Hello Everyone, Initially, I trained my model in single GPU environment. And it was working perfectly fine. But now I have increased GPU’s to 2, number of nodes -2 (strategy - ‘DDP’) and following all the instructions from this:
https://pytorch-lightning.readthedocs.io/en/stable/common/trainer.html#replace-sampler-ddp
But I am getting following issue - (This is logged in slurm’s error log script)
Downloading: “https;//…” to /root/.cache/torch/hub/checkpoints/…
Downloading: “https;//…” to /root/.cache/torch/hub/checkpoints/…

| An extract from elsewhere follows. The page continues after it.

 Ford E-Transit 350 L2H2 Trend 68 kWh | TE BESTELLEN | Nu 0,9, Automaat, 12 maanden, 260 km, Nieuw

GPU available: True, used: True
TPU available: False, using: 0 TPU cores
IPU available: False, using: 0 IPUs
initializing distributed: GLOBAL_RANK: 0, MEMBER: 1/4
This is logged in my slurm’s output script -
NOTE! Installing ujson may make loading annotations faster.

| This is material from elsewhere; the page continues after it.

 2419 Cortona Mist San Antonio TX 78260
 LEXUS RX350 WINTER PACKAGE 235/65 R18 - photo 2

NOTE! Installing ujson may make loading annotations faster.
After this, the process just hangs and doesn’t give any error and doesn’t even terminate (until I do). Can someone please suggest me what can be wrong here. I have read all the threads for multi-gpu errors but I no one raised this issue. I am not getting what is wrong in my code.
Some information regarding my model:
code is downloading and loading checkpoint (from internet) to the model.

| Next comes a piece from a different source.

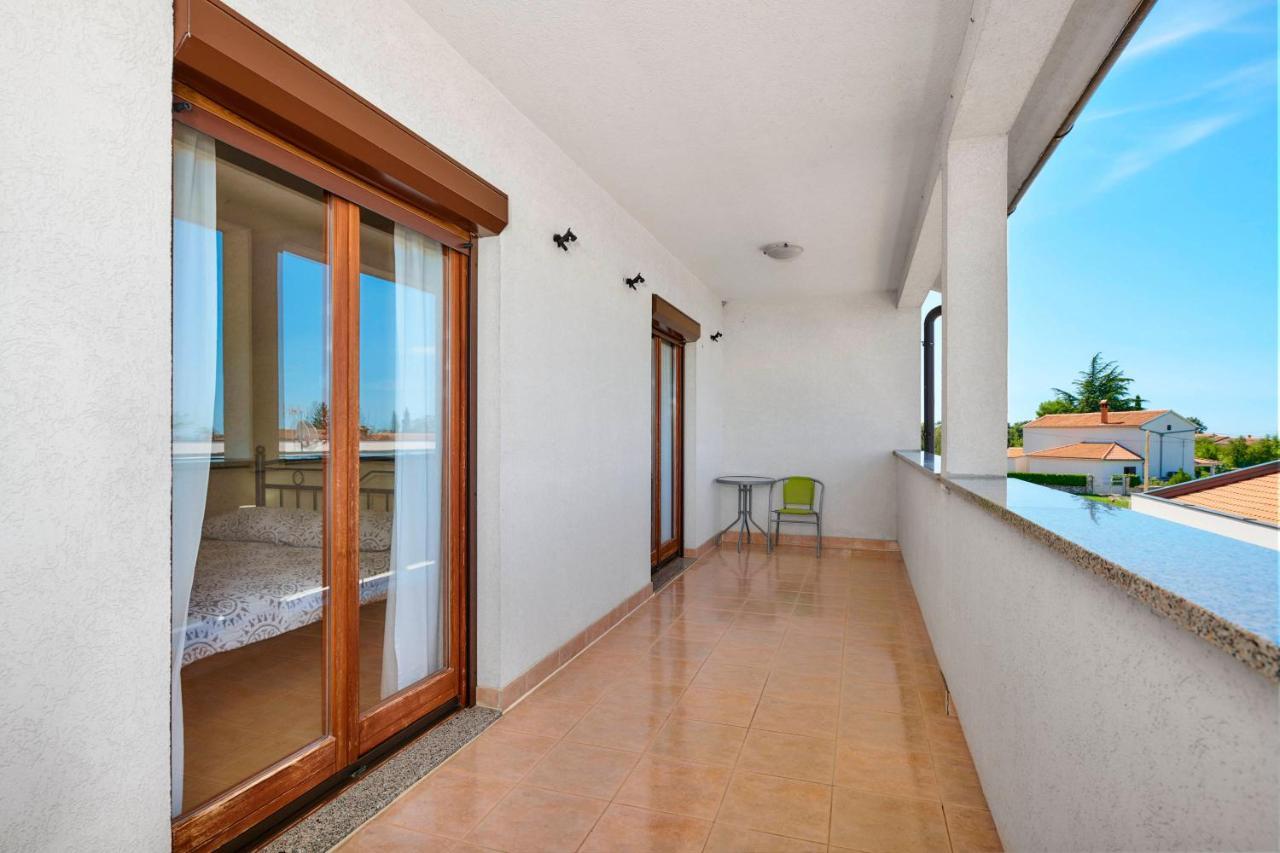 Burići Holiday House Emma מראה חיצוני תמונה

I have used torch.utils.data.DistributedSampler
I have downloaded data in setup() function - in DataModule of PYL
I am initialising the trainer like this -
Trainer(gradient_clip_val = args.clip_max_norm, max_epochs = args.epochs,
gpus = args.gpus, strategy=“ddp”, replace_sampler_ddp = False, num_nodes=args.num_nodes, default_root_dir = args.output_path,
logger=TensorBoardLogger(save_dir=args.output_path, name = args.name))
Please let me know if any further information is needed. I would like to thank everyone in advance.